Task description
From the first line to the last, give the data again exactly.

:: Supplied information ::

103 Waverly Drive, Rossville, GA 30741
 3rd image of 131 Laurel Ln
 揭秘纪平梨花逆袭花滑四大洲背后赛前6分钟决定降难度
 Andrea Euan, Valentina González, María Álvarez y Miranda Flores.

:::

Task solution
103 Waverly Drive, Rossville, GA 30741
 3rd image of 131 Laurel Ln
 揭秘纪平梨花逆袭花滑四大洲背后赛前6分钟决定降难度
 Andrea Euan, Valentina González, María Álvarez y Miranda Flores.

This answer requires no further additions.